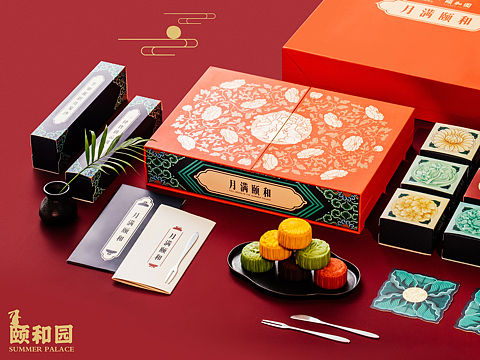 月满颐和月饼礼盒拍摄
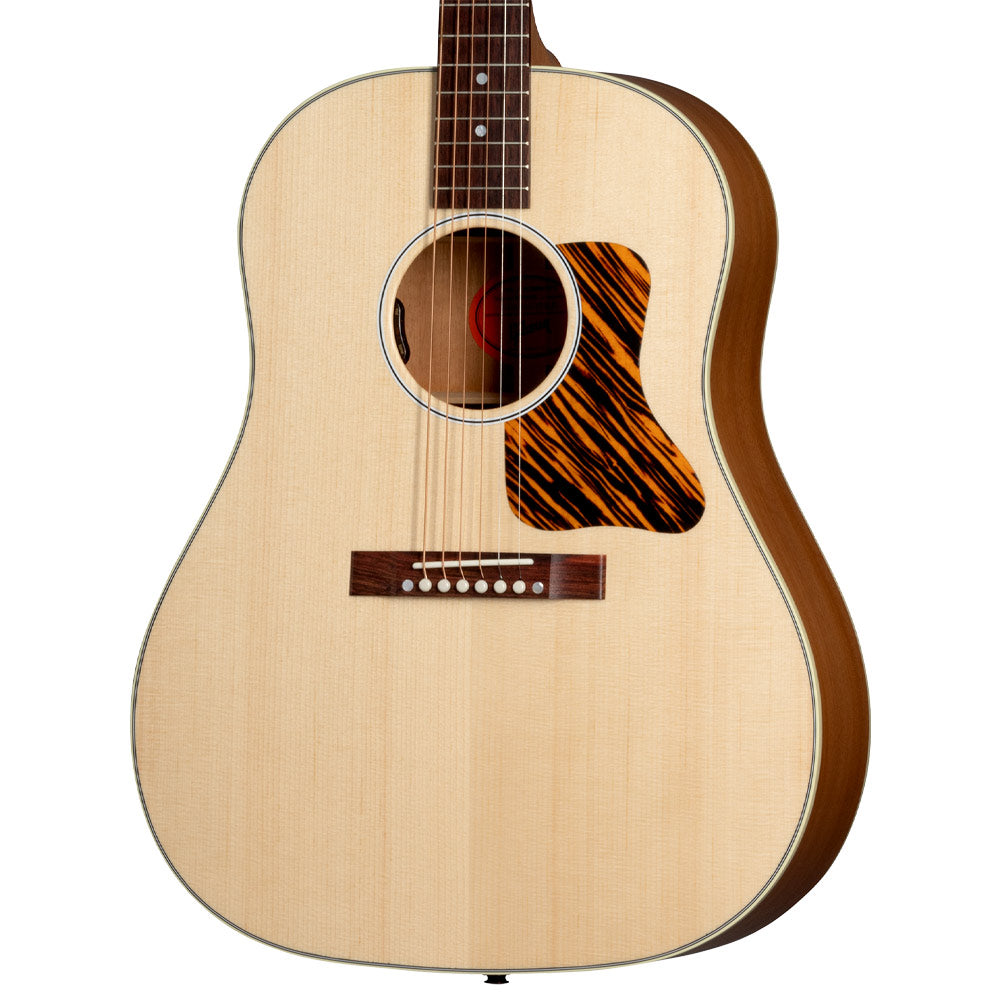Gibson J-35 Faded '30s Natural body view ; Gibson J-35 Faded '30s Natural full view ; Gibson J-35 Faded '30s Natural back view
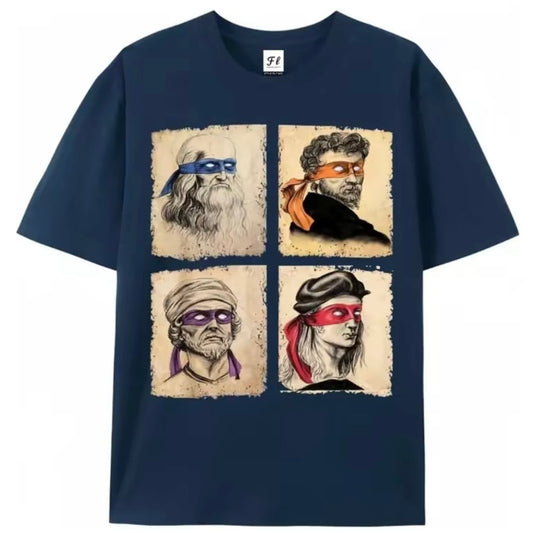 Humorous Italian Artists And Teenage Mutant Ninja Turtle T-Shirt Sweatshirt Hoodie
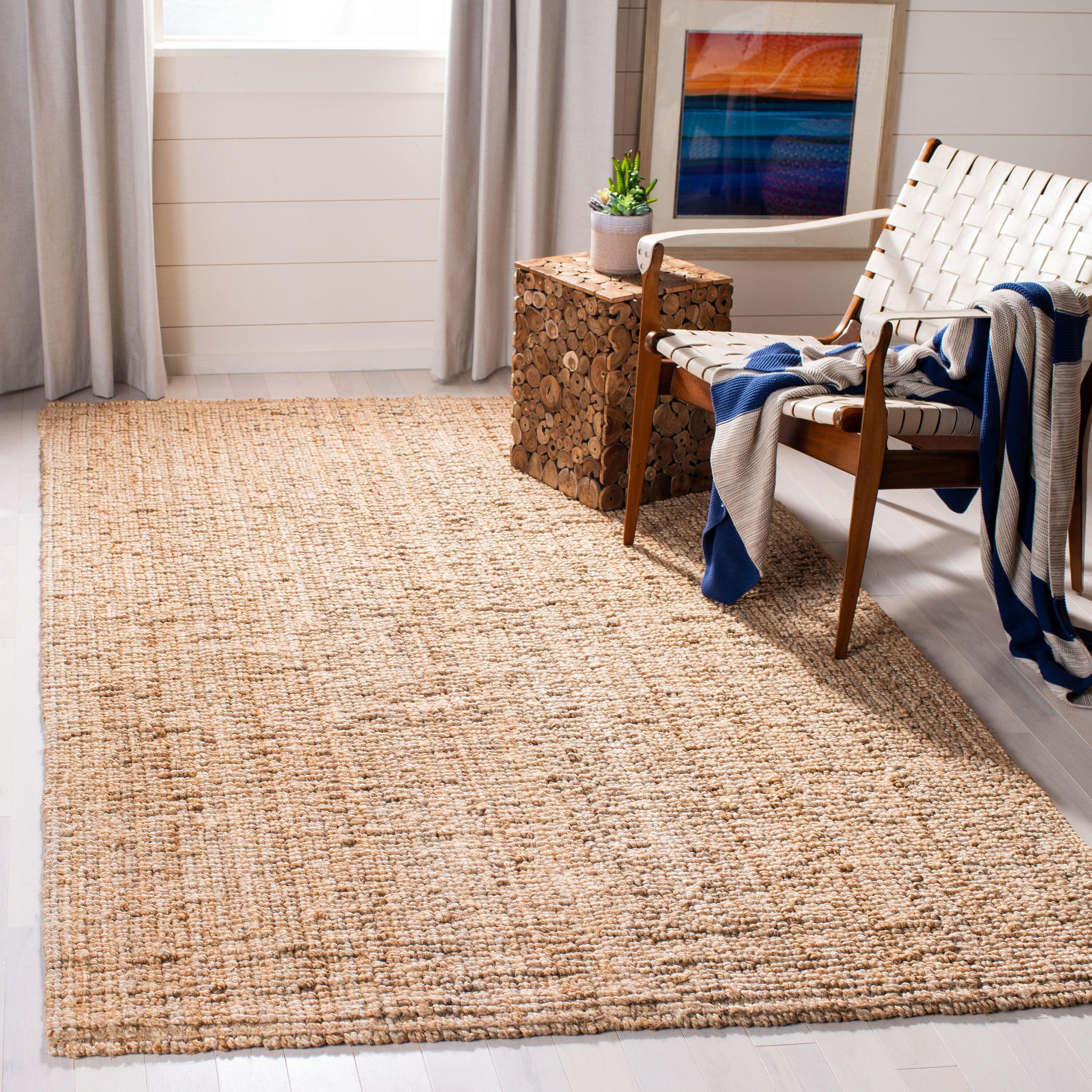 Natural Fiber NFB119 Hand Loomed Area Rug - Beige - 8'x10' - Safavieh.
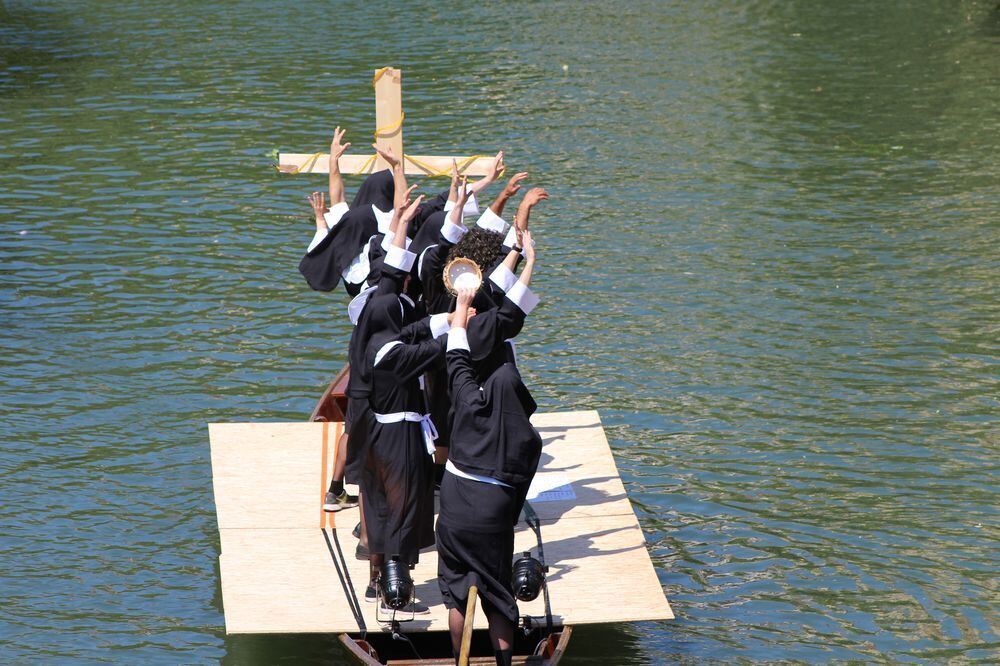 Stocherkahnrennen Tübingen 2015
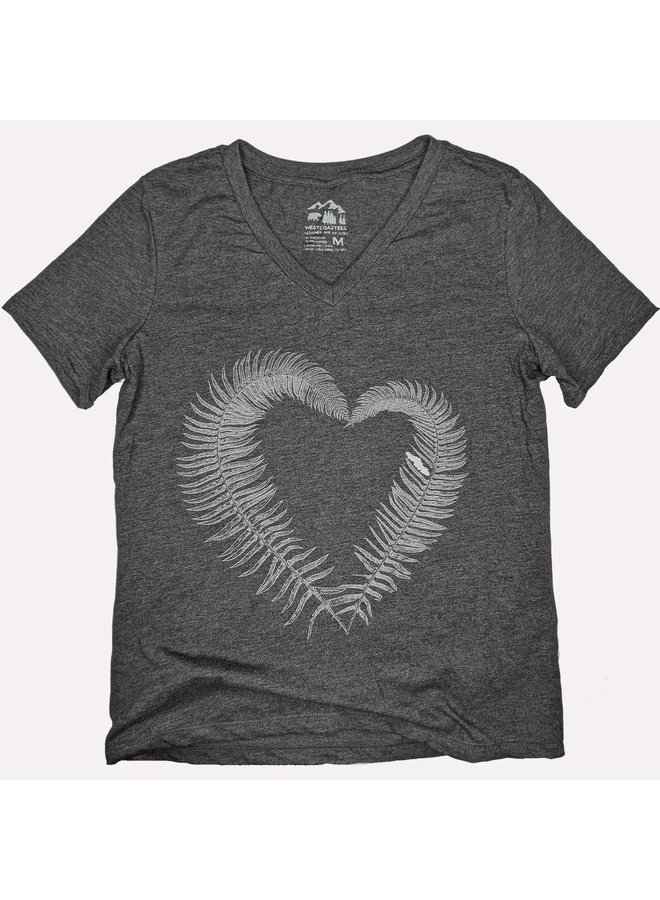 Fern Heart V-Neck T-shirt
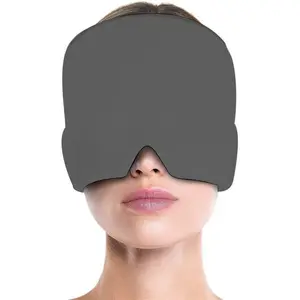 ODM High Quality Gel Ice Compress Hood Migraine Relief Cap Adjustable Full Cover Gel Eye Mask (Single side)
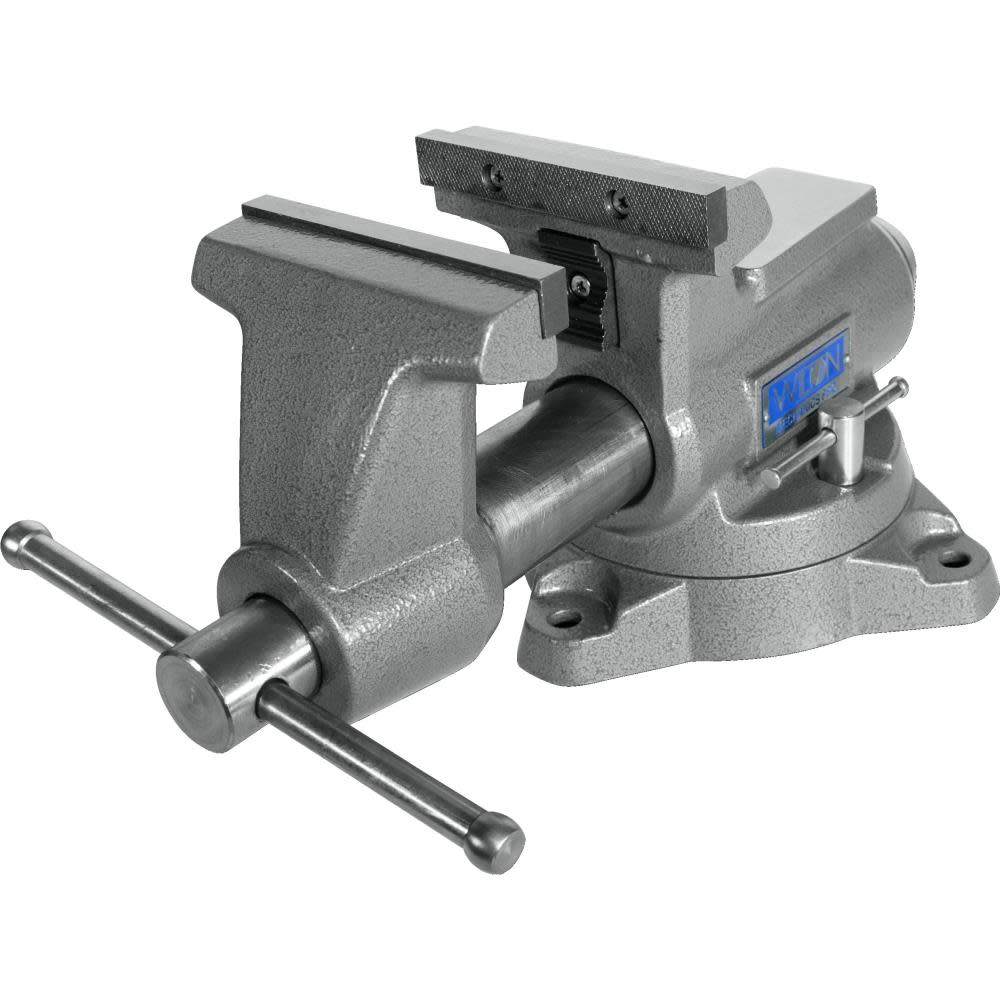 Wilton Mechanics Pro Vise 5-1/2 Jaw Width 5″ Jaw Opening 360 Swivel Base - Ascmtools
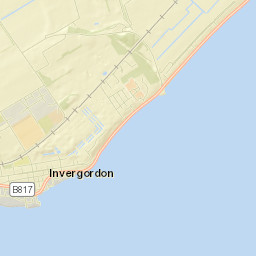 B817, Invergordon, Highland IV18, UK Street Map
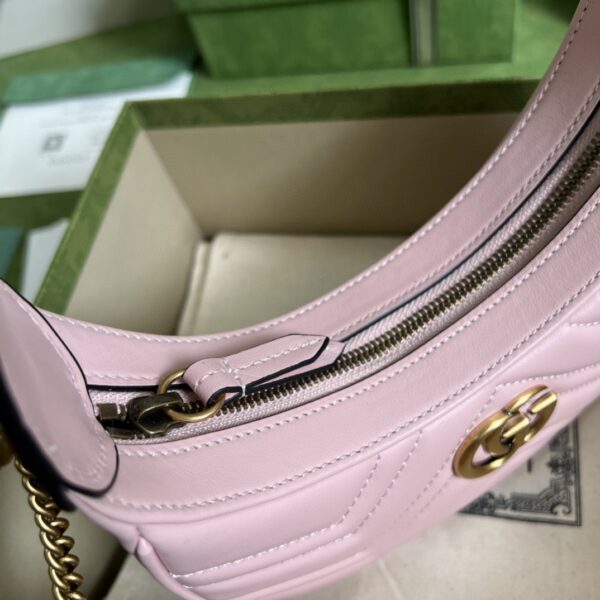 Gucci Marmont half-moon-shaped mini bag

========================================================================

▶ _AIM OF THE EXERCISE_: Starting at the line that contains "B817, Invergordon, Highland", restate each line verbatim through the final line of the listing, skipping all pictures.

▶ _TASK SOLUTION_:
 B817, Invergordon, Highland IV18, UK Street Map
 Gucci Marmont half-moon-shaped mini bag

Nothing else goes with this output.